ABOUT THIS EXERCISE =>
Lower down are entries containing pictures. Copy exactly, without those pictures, the lines from the line with "VIDAXL Canape Chesterfield" through the line with "nowadaysfashion Blue Turtle".

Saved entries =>

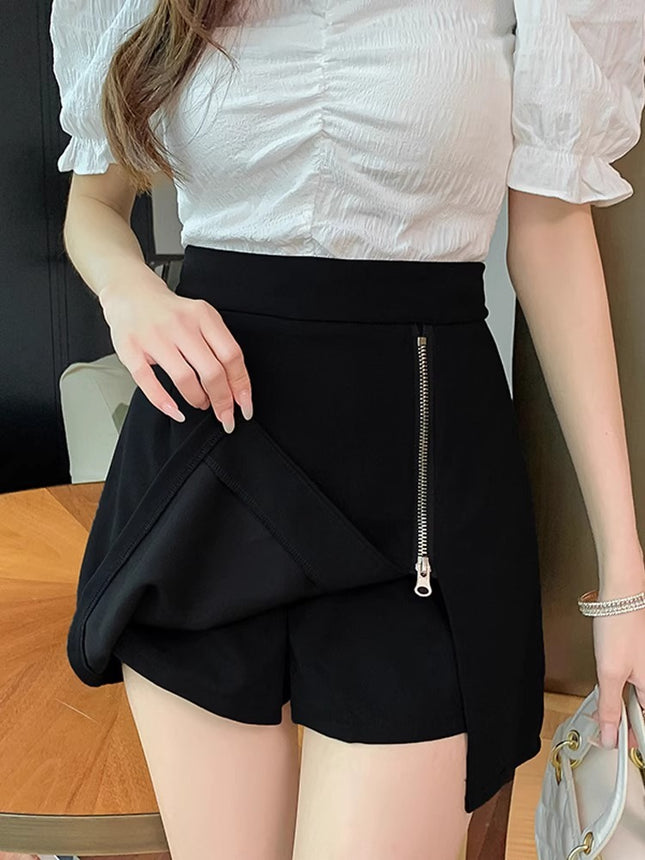 Women's Skirt Pants 2024 Spring New Design Asymmetrical High-Waist Slimming Look A-Line Hip Skirt One-Piece Culottes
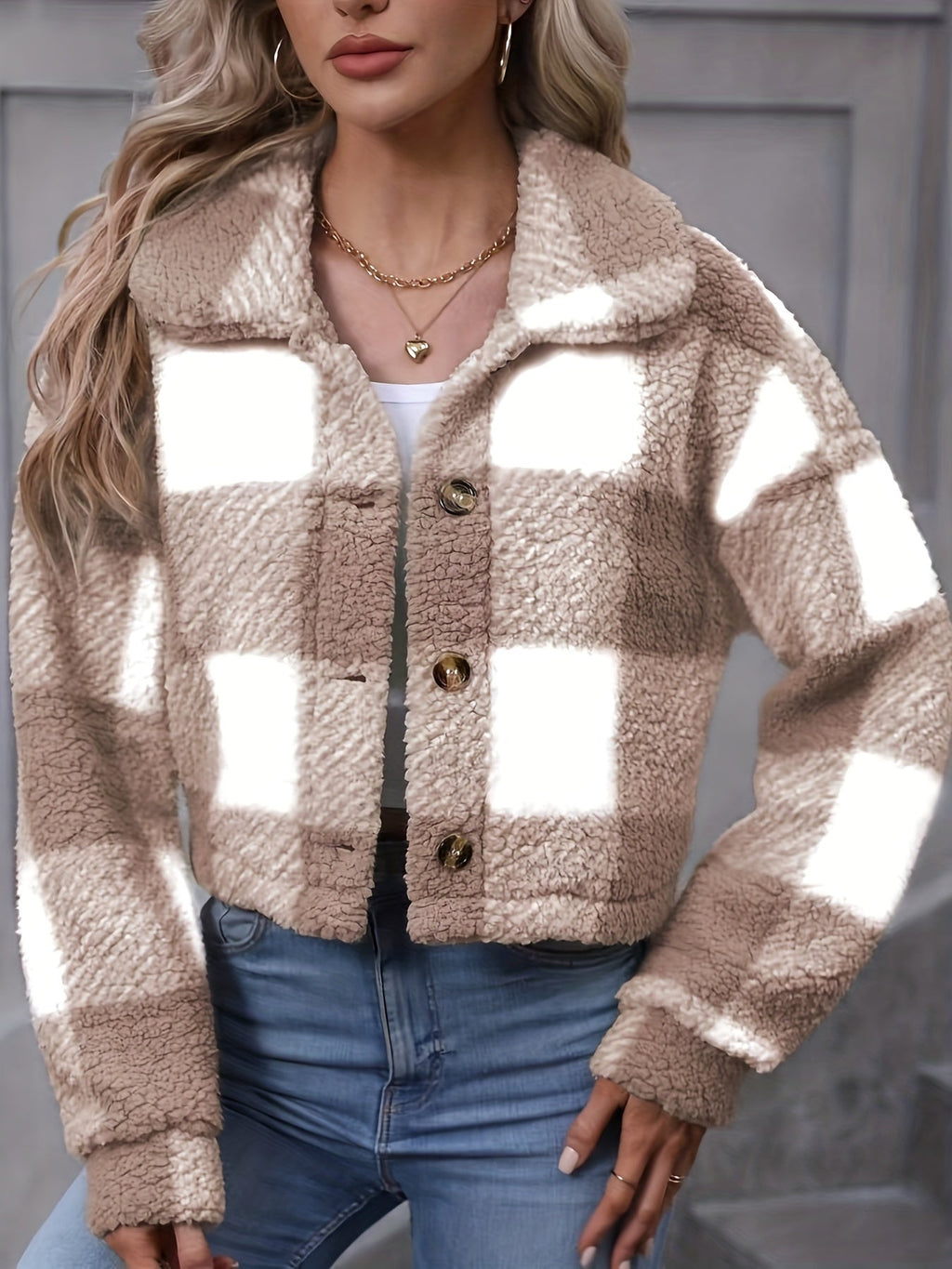 Cropped Check Jacket - Soft and Polished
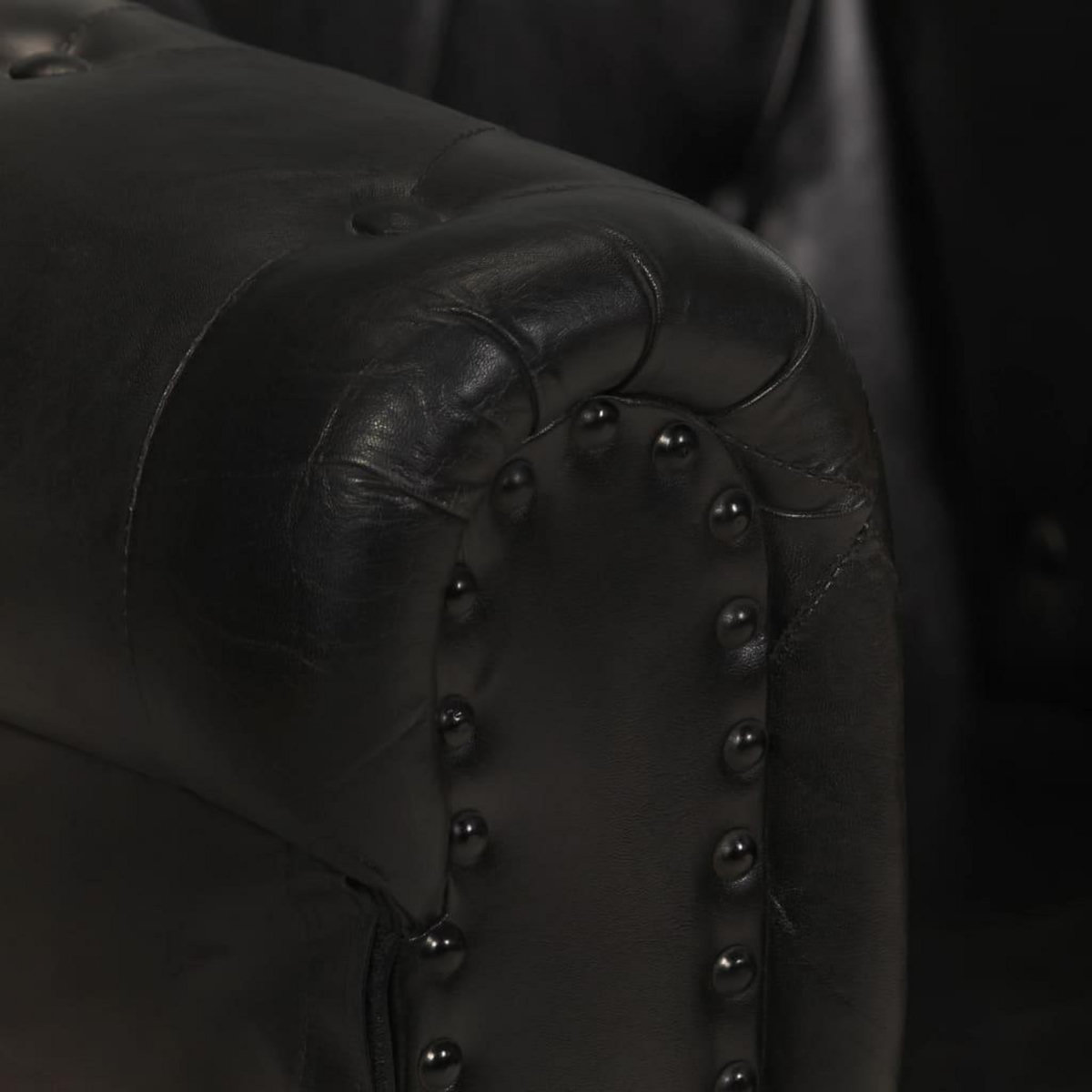 VIDAXL Canape Chesterfield a 2 places Noir Cuir veritable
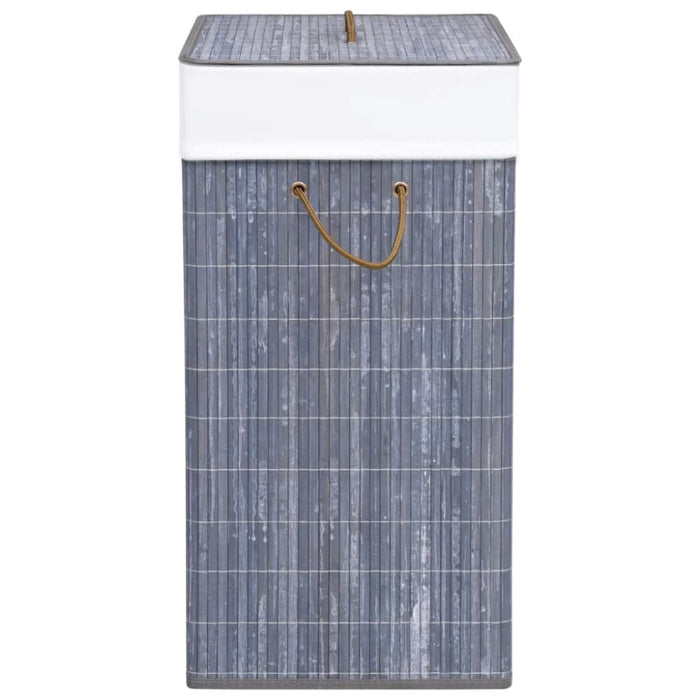Bamboo Laundry Basket Grey 83 l Txbipl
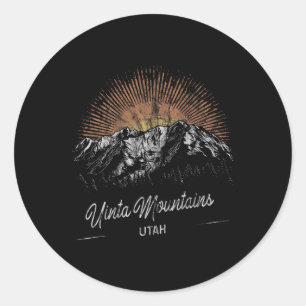 Uinta-Berge Utah Wandern Outdoor Vintage 1 Runder Aufkleber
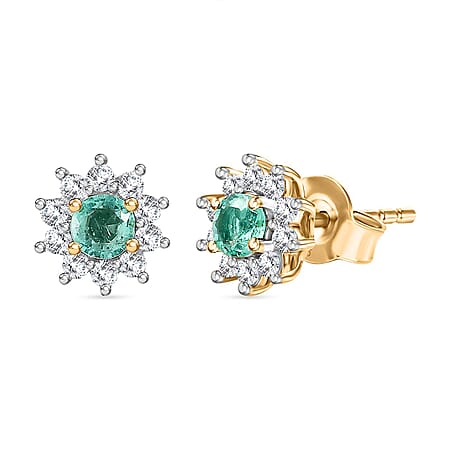 Colombian Emerald ,  White Zircon  Solitaire Stud Push Post Earring in 18K YG Vermeil Sterling Silver 0.95 ct  0.726  Ct.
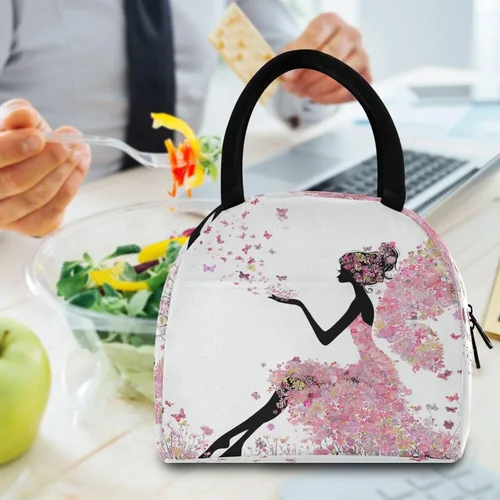 Vista 6 de Blueangle Lonchera con diseño de mariposa para mujer, bonita lonchera aislada con forro a prueba de fugas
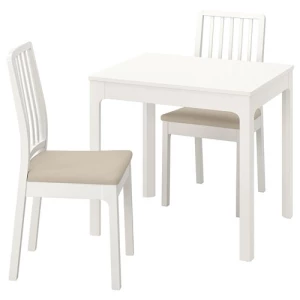 Стол и 2 стула - IKEA EKEDALEN, белый/бежевый, ЭКЕДАЛЕН ИКЕА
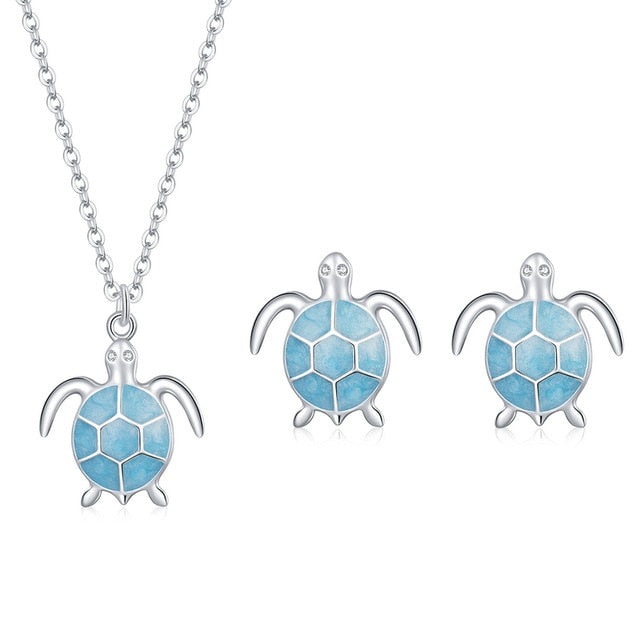 nowadaysfashion Blue Turtle Pendant Necklace Enamel Adjustable Necklace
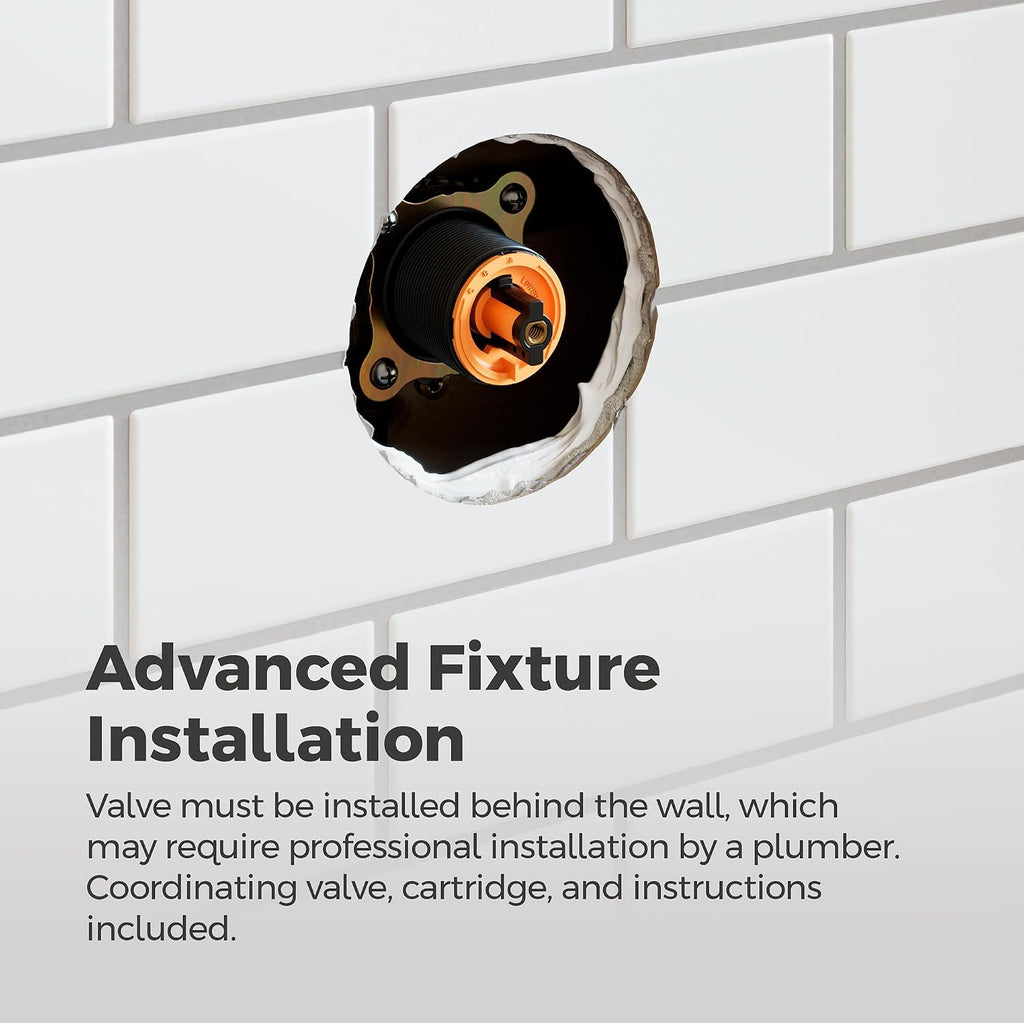 Pfister Vaneri Tub and Shower Trim Kit with Valve and Cartridge Included 1-Handle Rain Shower Head with Tub Spout Matte Black Finish Water-Efficient Model 8P8WS2VRISBB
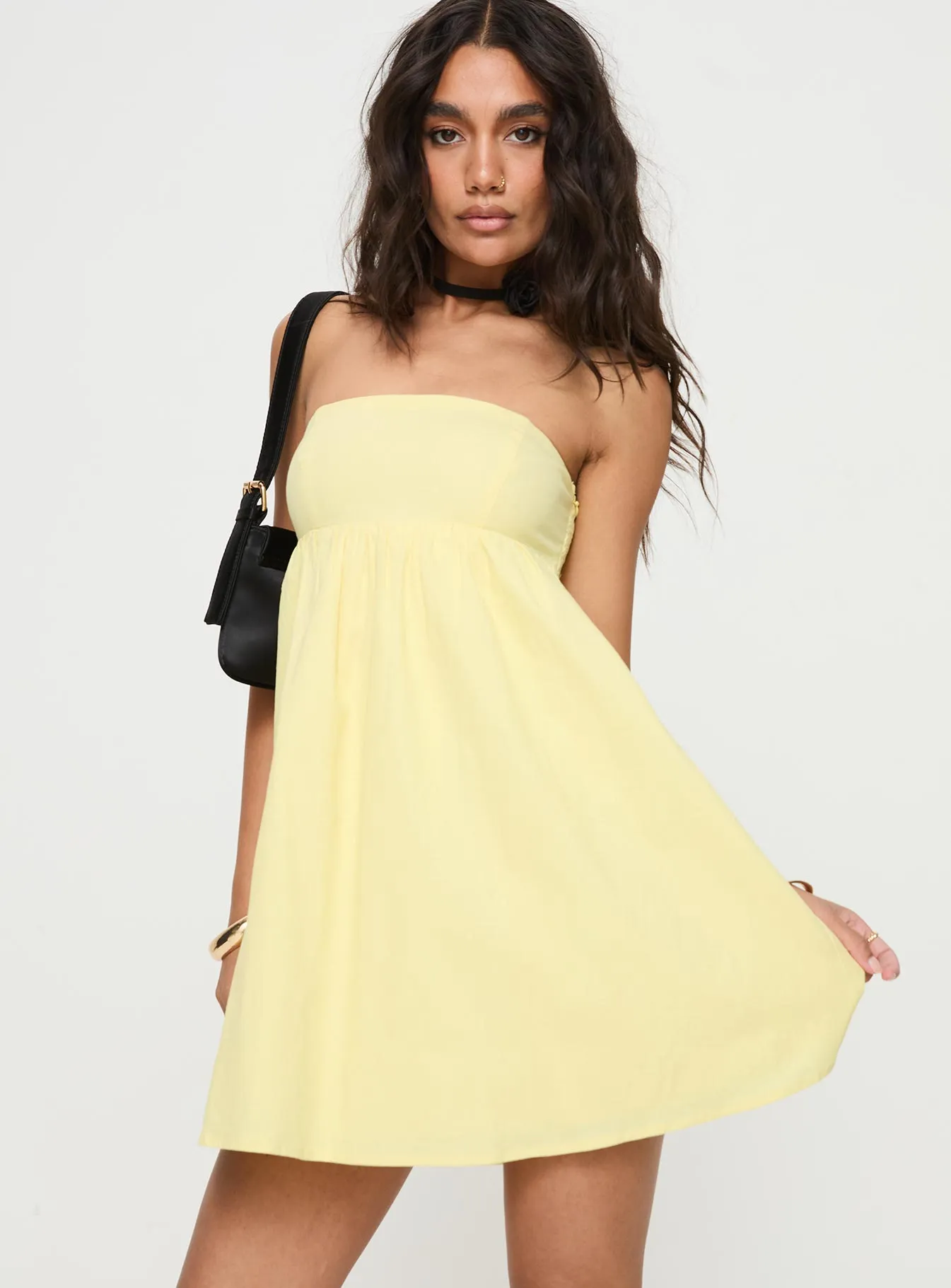 Osment Strapless Mini Dress Lemon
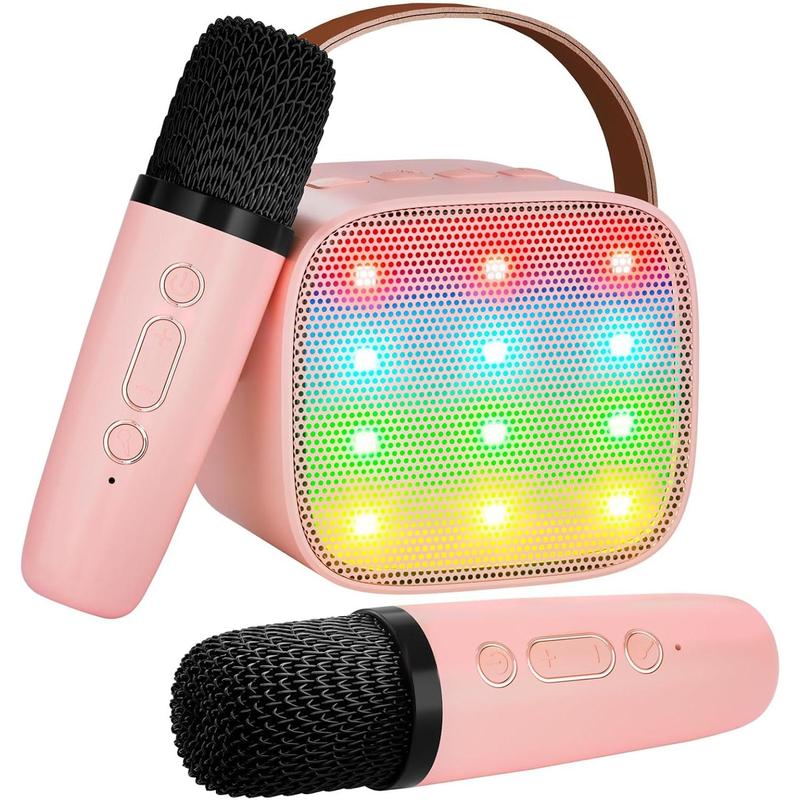 Karaoke Machine,  Toys Birthday Gift for Girls, Mini Portable Bluetooth Speaker with 2 Wireless Microphone for Girl 5,6,7,8,10+Year Old Audio Card Compact Rechargeable Boys Device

RESULT FOR THIS EXERCISE =>
 VIDAXL Canape Chesterfield a 2 places Noir Cuir veritable
Bamboo Laundry Basket Grey 83 l Txbipl
 Uinta-Berge Utah Wandern Outdoor Vintage 1 Runder Aufkleber
 Colombian Emerald ,  White Zircon  Solitaire Stud Push Post Earring in 18K YG Vermeil Sterling Silver 0.95 ct  0.726  Ct.
 Vista 6 de Blueangle Lonchera con diseño de mariposa para mujer, bonita lonchera aislada con forro a prueba de fugas
 Стол и 2 стула - IKEA EKEDALEN, белый/бежевый, ЭКЕДАЛЕН ИКЕА
 nowadaysfashion Blue Turtle Pendant Necklace Enamel Adjustable Necklace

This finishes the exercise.